=== Section Start ===

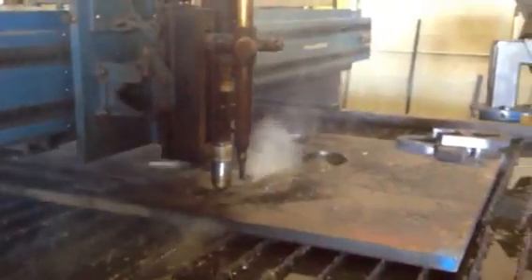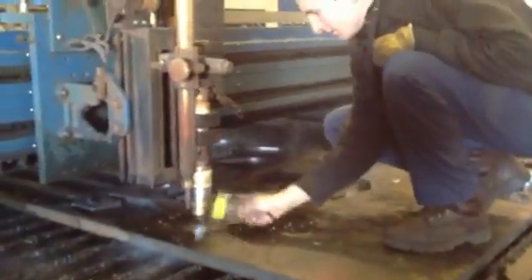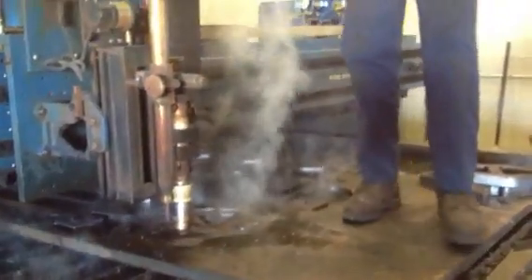Boom. That's what the part looks like when it's cut out. We're going to pull it out of the table. You going to pierce another one, George, or just go? I'm just going to keep cutting.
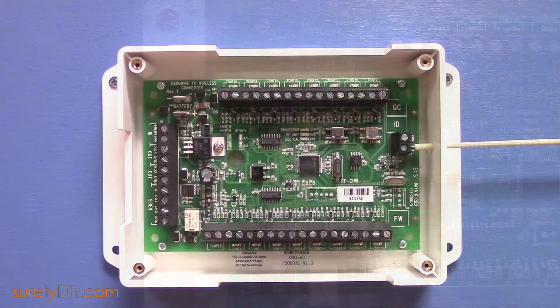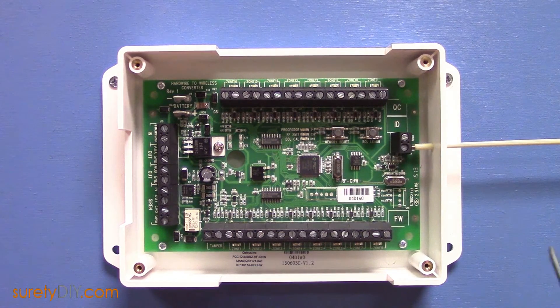Also available is a hardwired siren connection. The backup battery you would connect to the Hardwire 16 is a 12 volt 5 amp hour battery, the same battery that is used in most alarm panels. Unfortunately, it seems the only thing that the Hardwire 16 lacks is the space for that battery to fit inside.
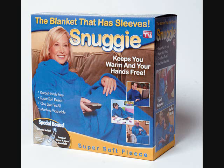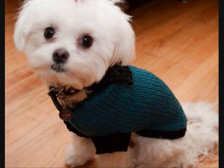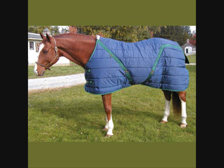Now introducing Snuggies for animals. You can dress your dog and your horse too.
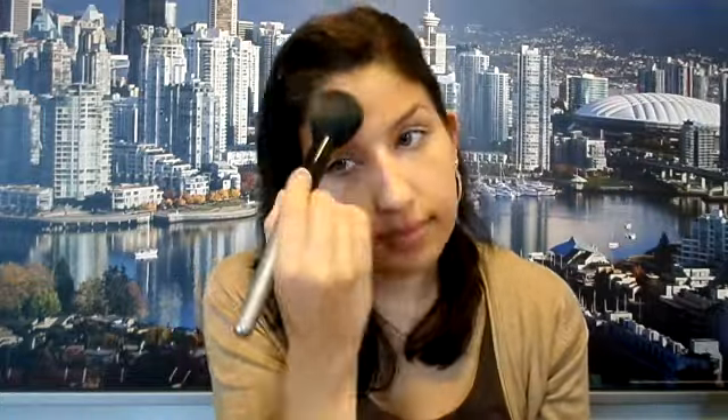Then I'm just going to finish it off with some pressed powder. I'm pressing the powder onto my face first and then going to rub it all in to get rid of any excess powder. That will create a perfect matte foundation which we will then enhance with some glowing and sparkling details.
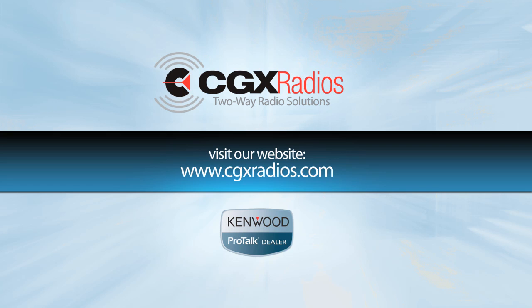For more information, please visit our website at www.cgxradios.com.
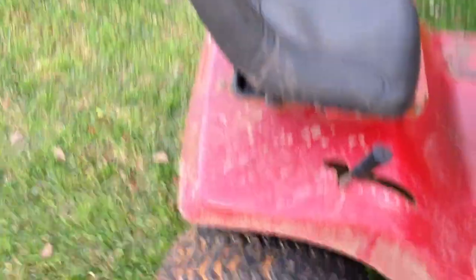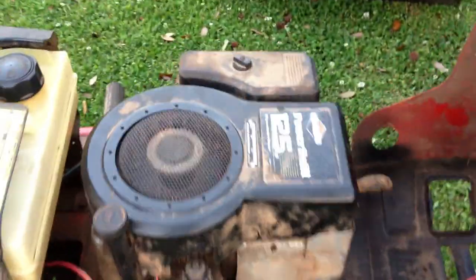Hey guys, this is my new mower. It's a Murray — it ain't a wide body, but it's pretty much the same one, just a newer version. It's got a 12.5 horsepower power belt and pretty much the same track that Fearless Front had.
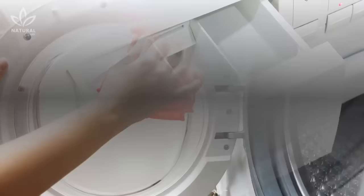Don't forget to also clean the detergent compartment. It is recommended that you do this at least once a month to keep your machine free of dirt and mildew.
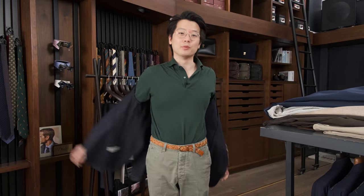That's about it for our little styling guide for the green polo. It is available online and in-store. If you have any other suggestions for how this could be worn, we would love to hear them. That's it for now, thanks for watching.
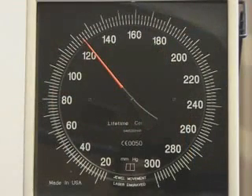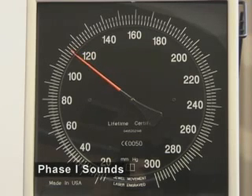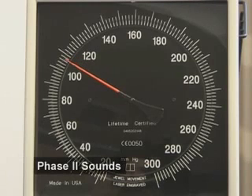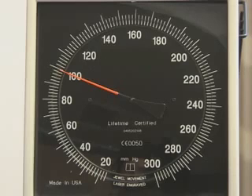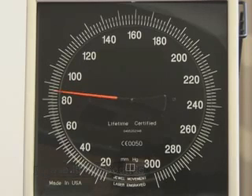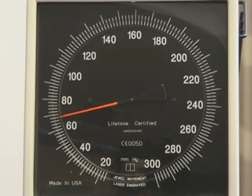Phase 1 sounds are clear, repetitive tapping sounds that coincide with reappearance of a palpable radial or brachial pulse. The onset of phase 1 sounds is equivalent to the systolic blood pressure. Phase 2 sounds are audible murmurs in the tapping sounds. Phase 3 and 4 sounds are muted changes in the tapping sounds that occur as the pressure measurement approaches the diastolic pressure, usually within 10 mmHg of true diastolic pressure. Phase 5 sound is not really a sound, but rather is the level at which sounds disappear, and it indicates the diastolic blood pressure.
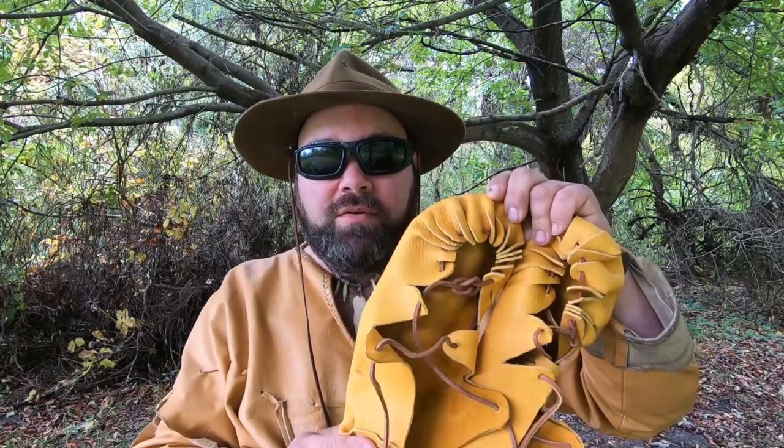Hello, I am Wolf from Barefoot Bushcraft, and I want to thank you so much for tuning into this video. Today we're going to go through a tutorial on how to make your very own Indo-European moccasins, also known as Viking shoes, also known as Gilly Brogues, also known as Iron Age shoes.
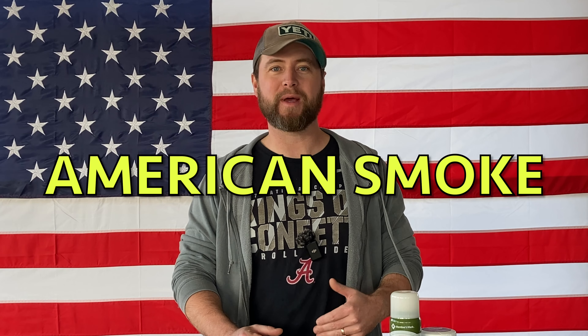What's up carnivores, Zach here with American Smoke and today we're going to make some delicious slow smoked chicken breast on the Pit Boss Pellet Smoker. We've brined these chicken breasts and they've been air drying now for about 10 or 15 minutes. We're going to go ahead, get them patted dry, season them up and get them into the smoker.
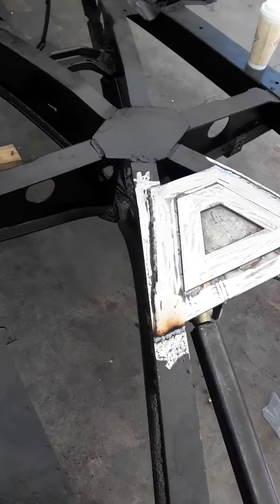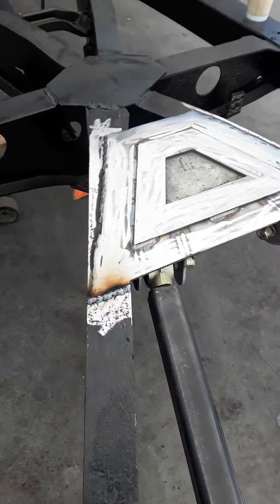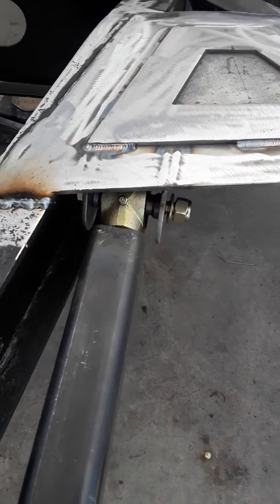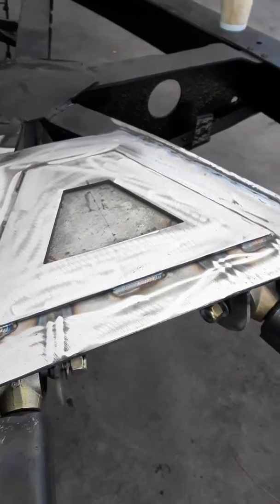What we did on the convertible frame — we added the front piece and we put the bolts in backwards. Now we can't get them out. Joe did that. I told him, why did you put it like that?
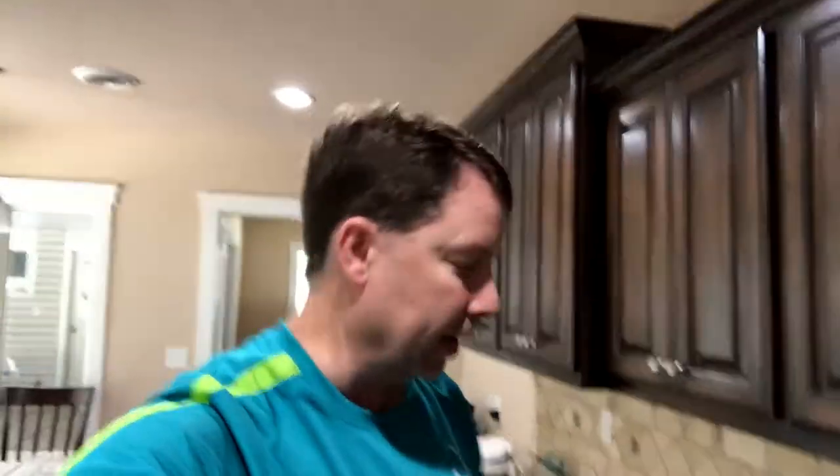Hi everybody, this is Dumb Old Dad bringing you another video. It is corn season! I've been buying corn and I've looked up the best way to cook it. Usually you get out a big pot, fill it full of water, boil it, and then it's cooked. But there is a new way to cook corn — and many of you may already know this — and that is to microwave it.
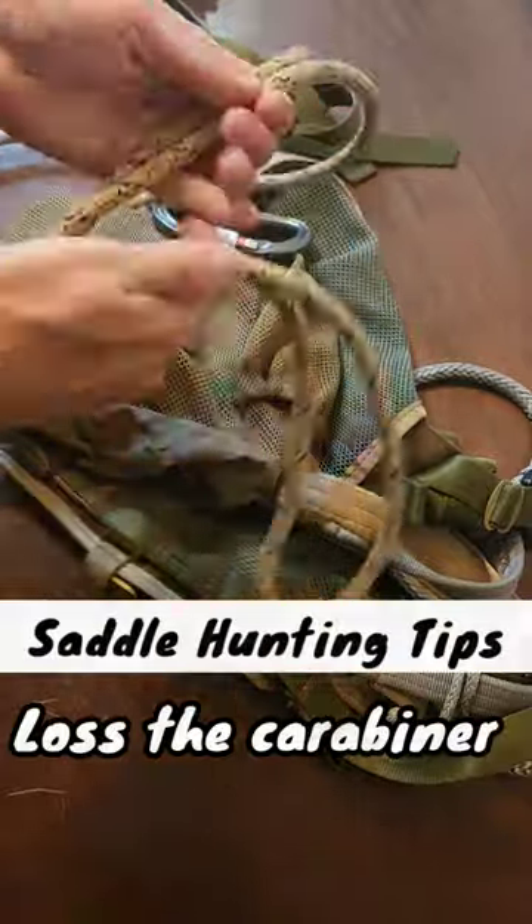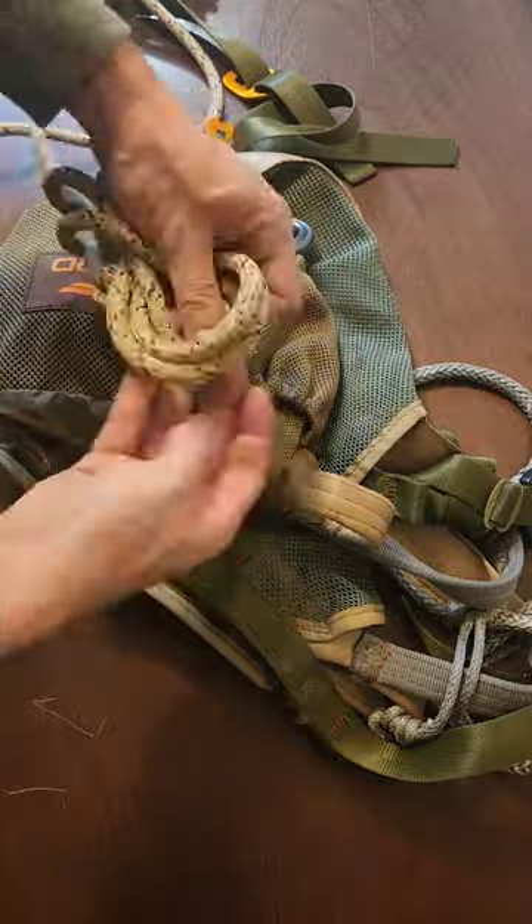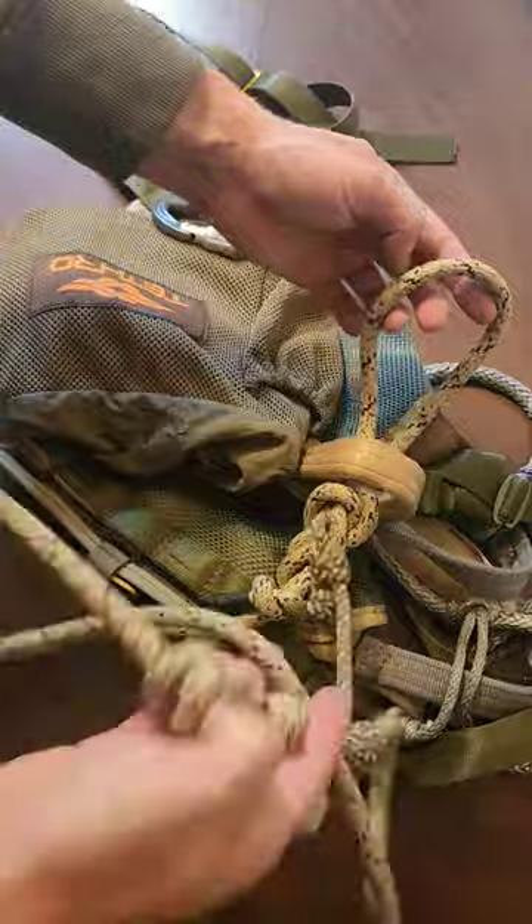Let me show you two different ways to attach a lineman's belt to your saddle without having to use any carabiner. Our first option would be to tie a figure eight on a bight and girth hitch it to the lineman's loop, and that will eliminate having to use a carabiner on that side.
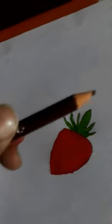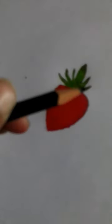Add green for the leaves. Now shade using a dark tone. Now shade with dark red to create a 3D effect.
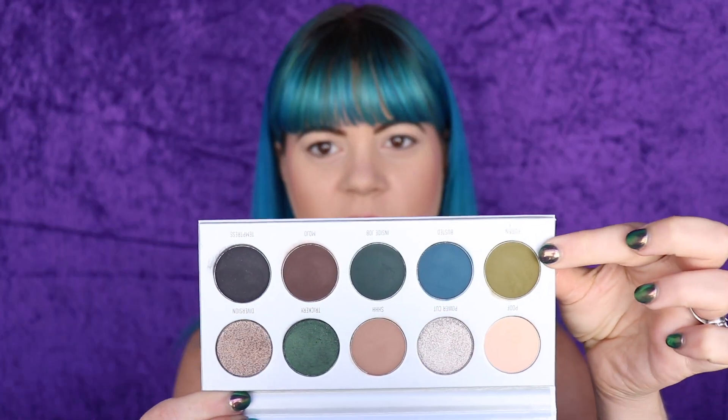We'll just see how these shadows perform. Maybe the fact that it doesn't say V2 on the palette means I got a good one — who knows, none of this really makes any sense. My plan is to do a grungy green smokey eye. I'm going to dip into the green shade here first — it's called Potion — and start by putting this into my crease, pulling it pretty high up because I'm going to put very dark shades on my lid, so this is going to be my transition shade. I'm also going to pack some powder under my eyes because I feel like there's going to be some fallout.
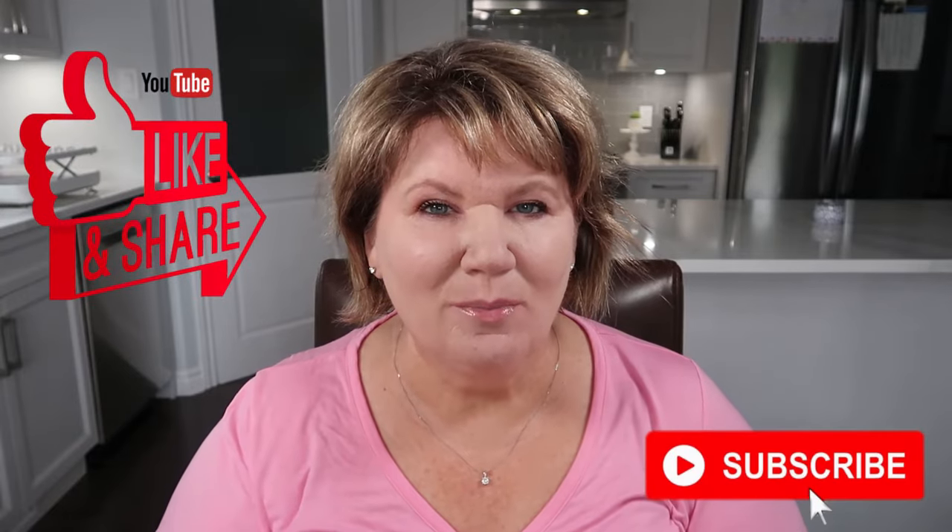If you're excited to see me create the illusion of a slimmer face, please give this video a like and subscribe. The first area I'm going to contour is the cheeks. You want to imagine an imaginary line from the tip of your ear to the corner of your mouth — this is where I put my contour. If you were to suck in your cheeks, you could see the cheekbones.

=== Section End ===

**Action item:** Copy word for word the lines above, starting at the line containing "That's about it" and ending at the line containing "Hi everybody, this", inclusive, with no pictures.

**Answer to this problem:**
That's about it for our little styling guide for the green polo. It is available online and in-store. If you have any other suggestions for how this could be worn, we would love to hear them. That's it for now, thanks for watching.
Phase 1 sounds are clear, repetitive tapping sounds that coincide with reappearance of a palpable radial or brachial pulse. The onset of phase 1 sounds is equivalent to the systolic blood pressure. Phase 2 sounds are audible murmurs in the tapping sounds. Phase 3 and 4 sounds are muted changes in the tapping sounds that occur as the pressure measurement approaches the diastolic pressure, usually within 10 mmHg of true diastolic pressure. Phase 5 sound is not really a sound, but rather is the level at which sounds disappear, and it indicates the diastolic blood pressure.
Hello, I am Wolf from Barefoot Bushcraft, and I want to thank you so much for tuning into this video. Today we're going to go through a tutorial on how to make your very own Indo-European moccasins, also known as Viking shoes, also known as Gilly Brogues, also known as Iron Age shoes.
What's up carnivores, Zach here with American Smoke and today we're going to make some delicious slow smoked chicken breast on the Pit Boss Pellet Smoker. We've brined these chicken breasts and they've been air drying now for about 10 or 15 minutes. We're going to go ahead, get them patted dry, season them up and get them into the smoker.
What we did on the convertible frame — we added the front piece and we put the bolts in backwards. Now we can't get them out. Joe did that. I told him, why did you put it like that?
Hi everybody, this is Dumb Old Dad bringing you another video. It is corn season! I've been buying corn and I've looked up the best way to cook it. Usually you get out a big pot, fill it full of water, boil it, and then it's cooked. But there is a new way to cook corn — and many of you may already know this — and that is to microwave it.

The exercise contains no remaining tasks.